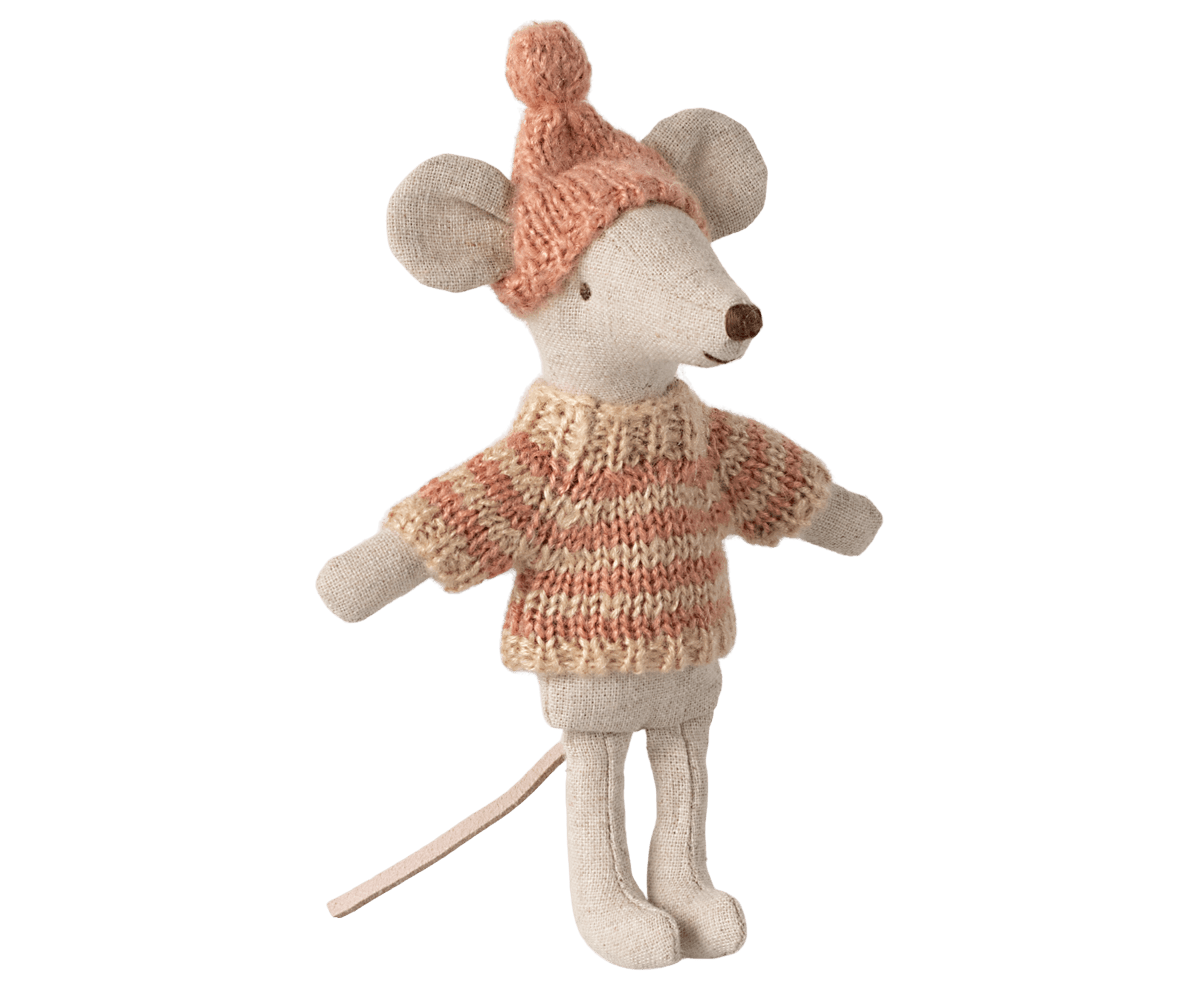 Knitted sweater and hat, Big sister mouse
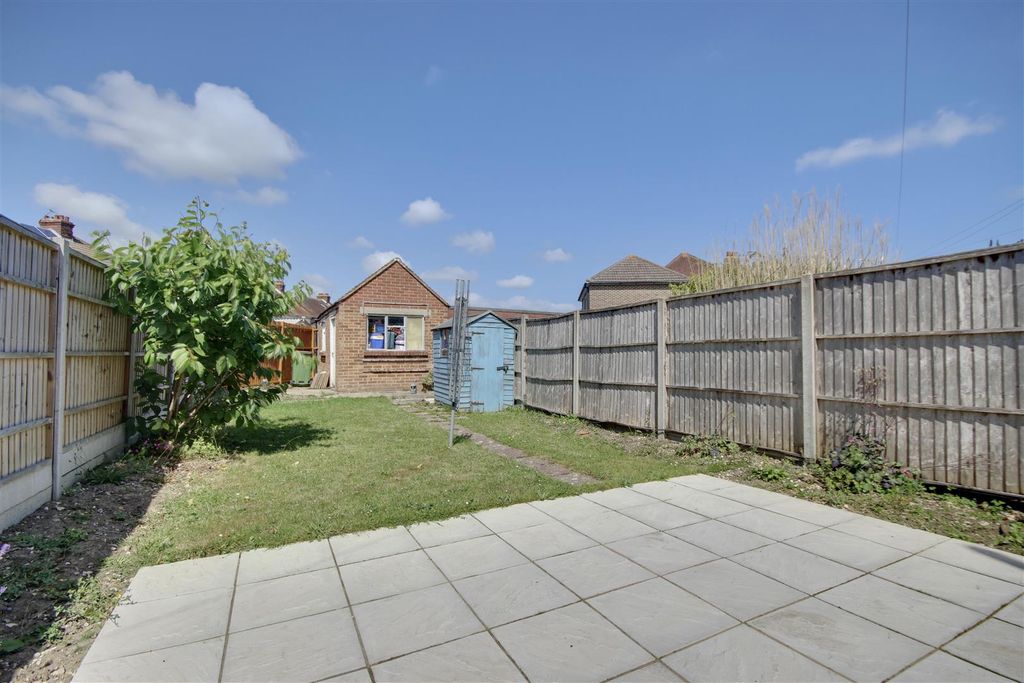 Property photo 3 of 14 Garden And Garage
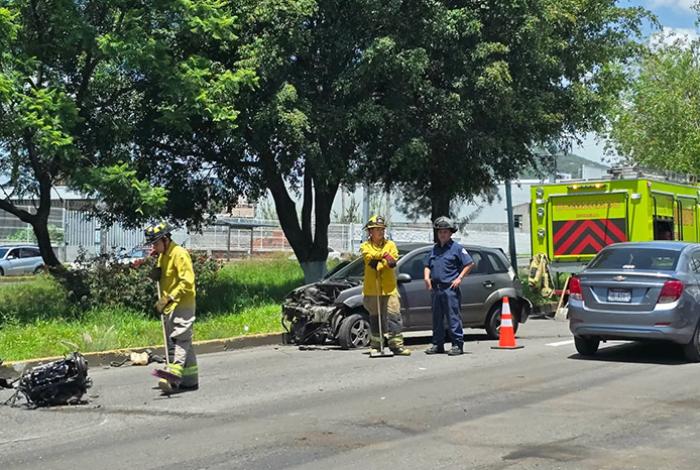 Auto choca contra árboles en el Libramiento de Morelia, a la altura de la colonia Lago I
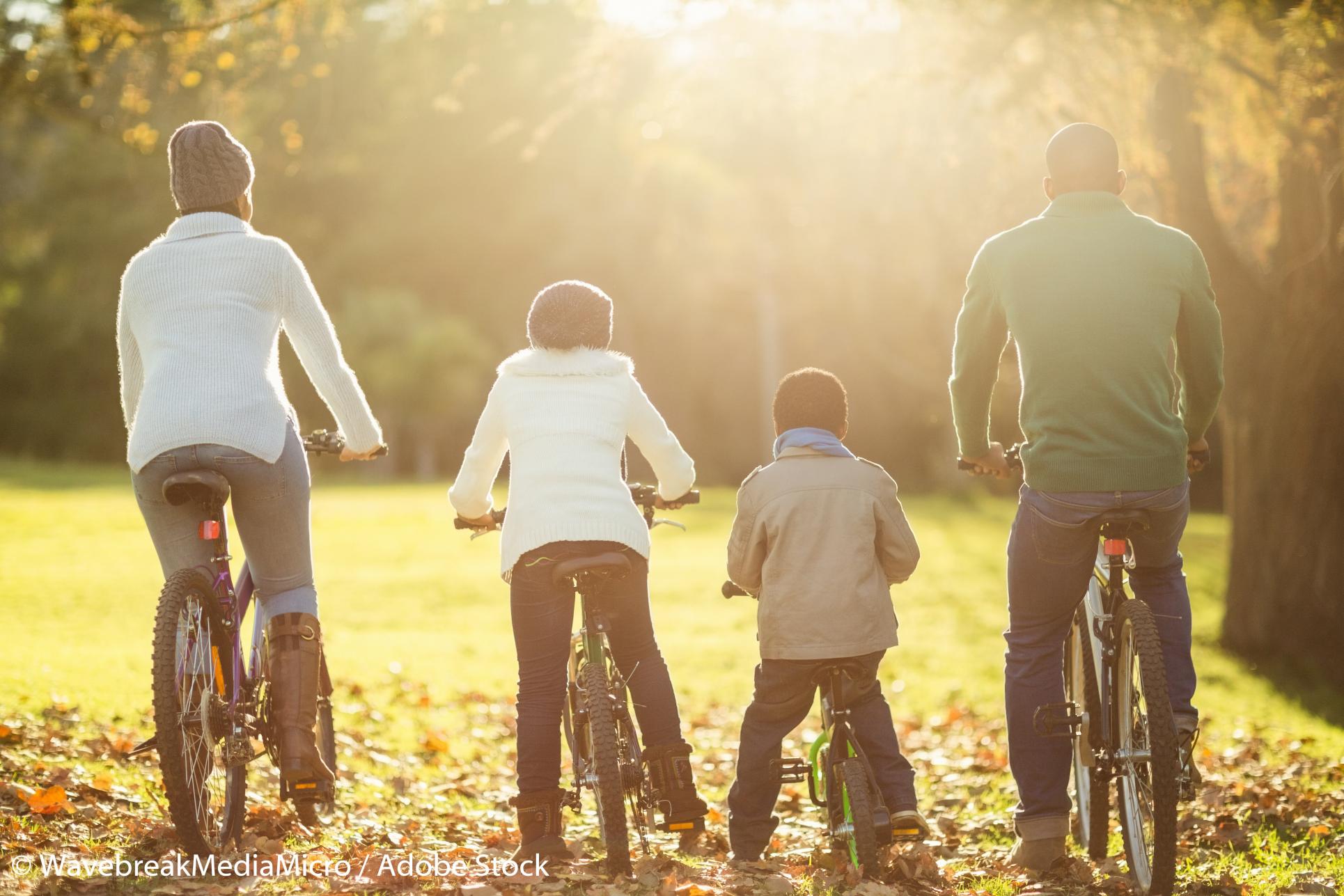 Trei ocazii de a petrece timp de calitate în familie familie pe biciclete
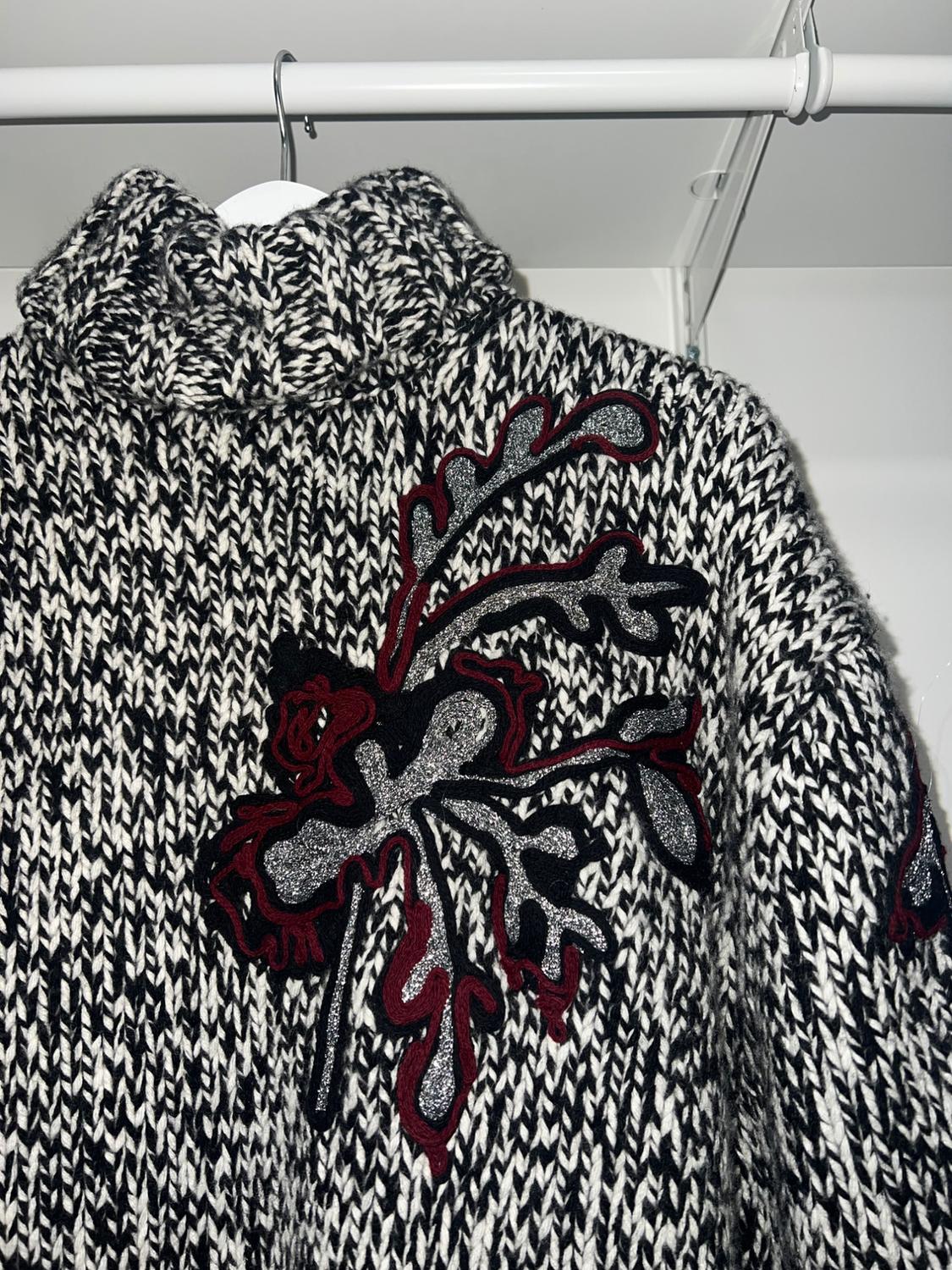 LIMITED EDITION EMBROIDERED SWEATER - Image 2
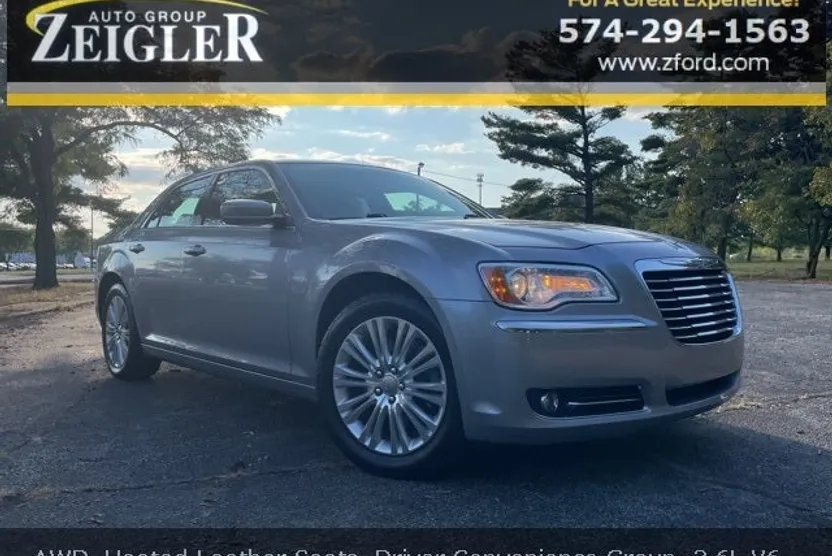 2014 Chrysler 300 Base photo 1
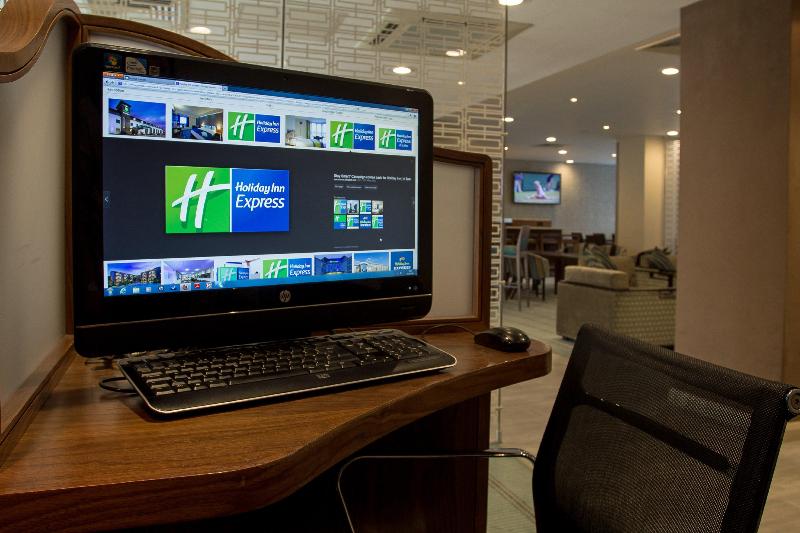 هتل Holiday Inn Express Earls Court, An Ihg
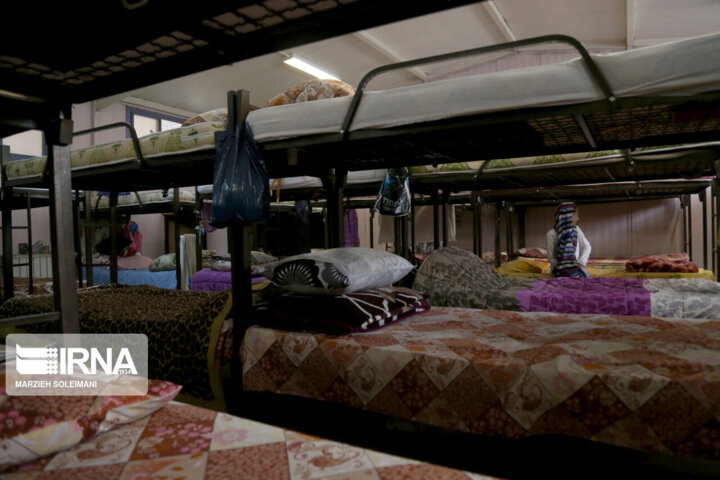 سوز مضاعف سرمای شبانه در زیر سقفهای کارتنی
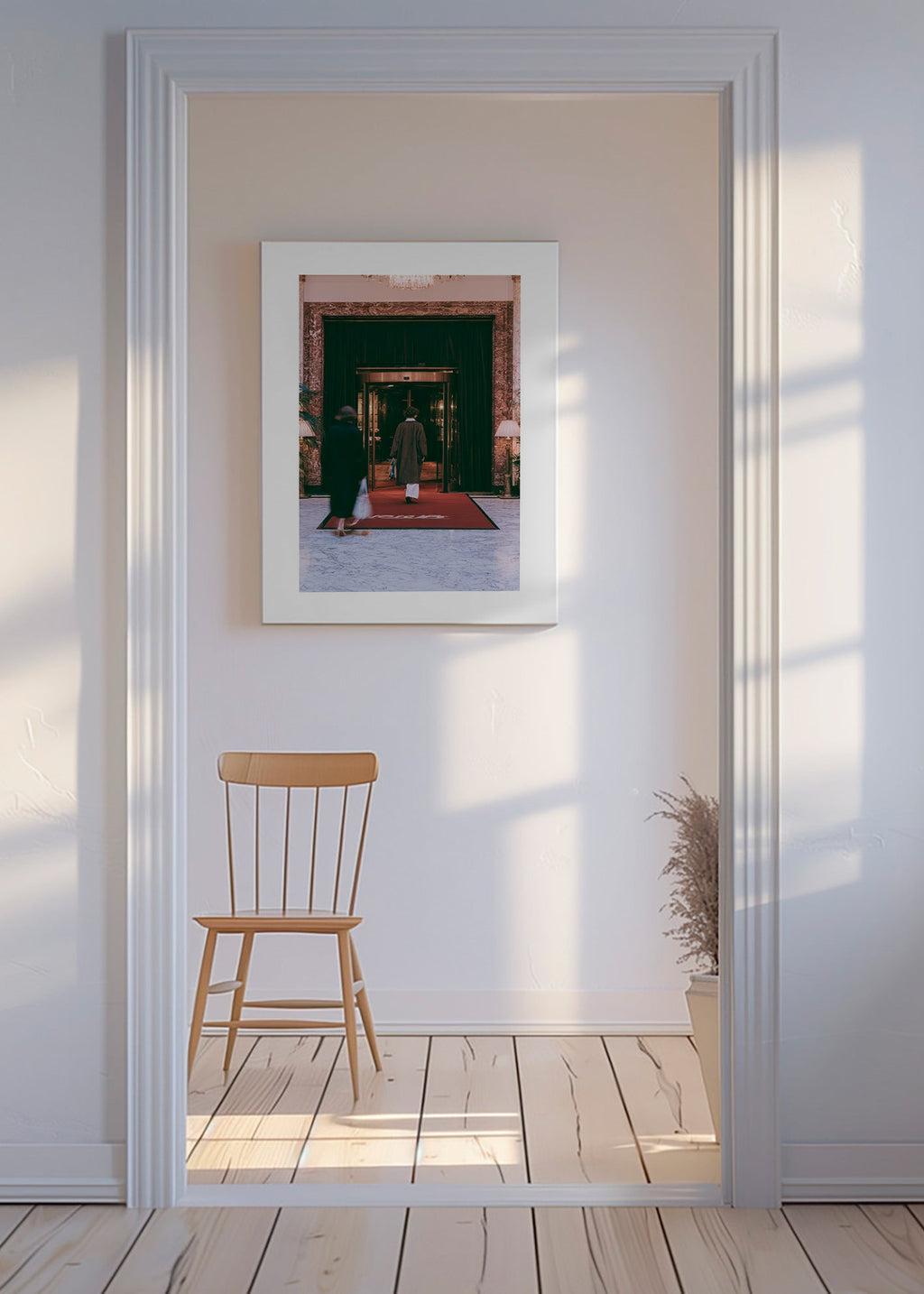Fotografie des Hoteleingangs mit rotem Teppich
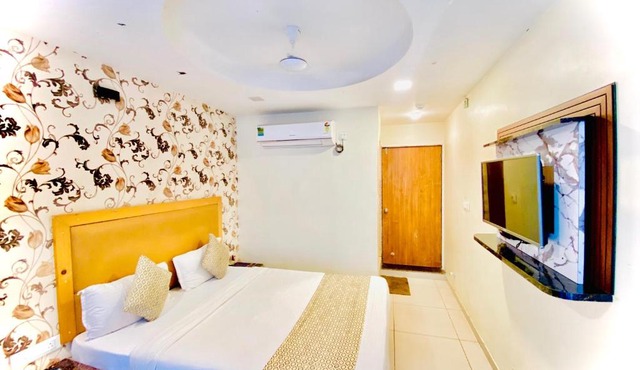 Hotel Alexa - Satellite Prahladnagar, Ahmedabad
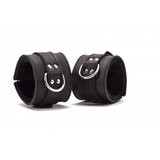 DEVIL STICKS Hand Cuffs 049 Black Cene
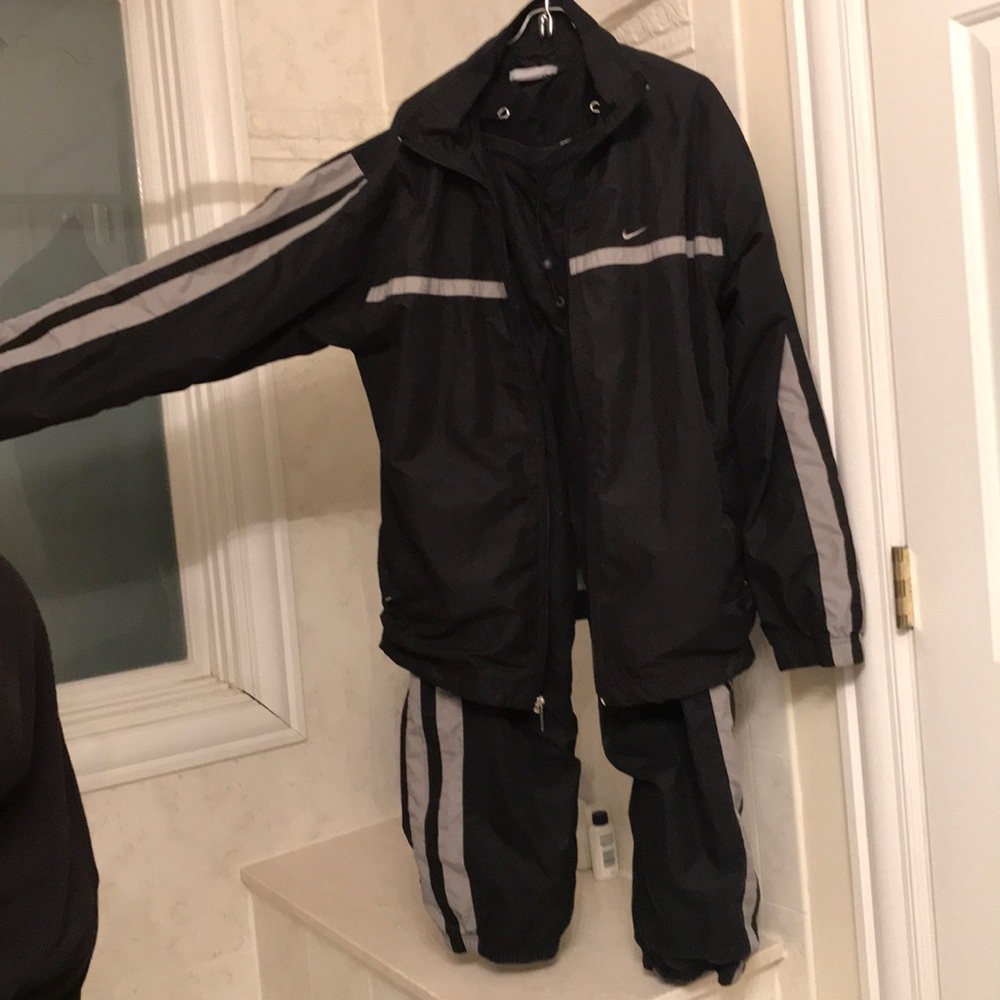 Men’s Nike workout jacket and pant set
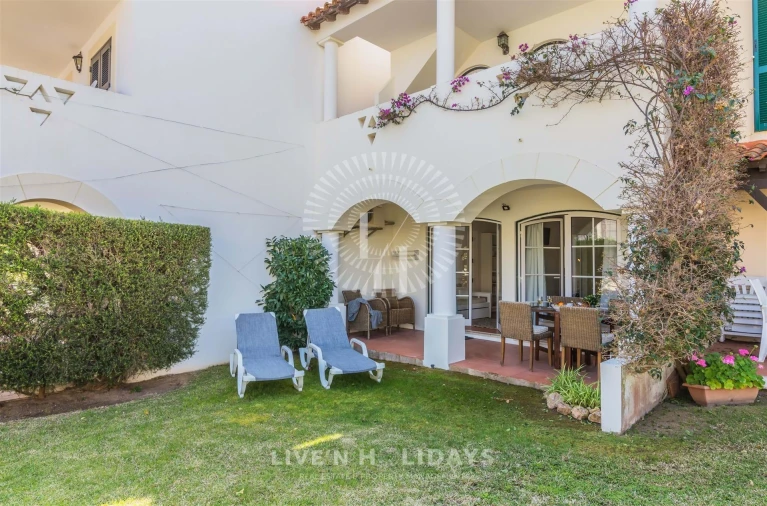 Apartamento para Arrendamento férias em Quarteira Foto 10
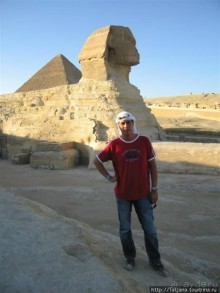 Пирамиды, верблюды и ...Большой Сфинкс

________________________________________

Action item = Every entry must be retyped exactly, with the pictures removed.

Answer area =
 Knitted sweater and hat, Big sister mouse
 Property photo 3 of 14 Garden And Garage
 Auto choca contra árboles en el Libramiento de Morelia, a la altura de la colonia Lago I
 Trei ocazii de a petrece timp de calitate în familie familie pe biciclete
 LIMITED EDITION EMBROIDERED SWEATER - Image 2
 2014 Chrysler 300 Base photo 1
 هتل Holiday Inn Express Earls Court, An Ihg
 سوز مضاعف سرمای شبانه در زیر سقفهای کارتنی
Fotografie des Hoteleingangs mit rotem Teppich
 Hotel Alexa - Satellite Prahladnagar, Ahmedabad
 DEVIL STICKS Hand Cuffs 049 Black Cene
 Men’s Nike workout jacket and pant set
 Apartamento para Arrendamento férias em Quarteira Foto 10
 Пирамиды, верблюды и ...Большой Сфинкс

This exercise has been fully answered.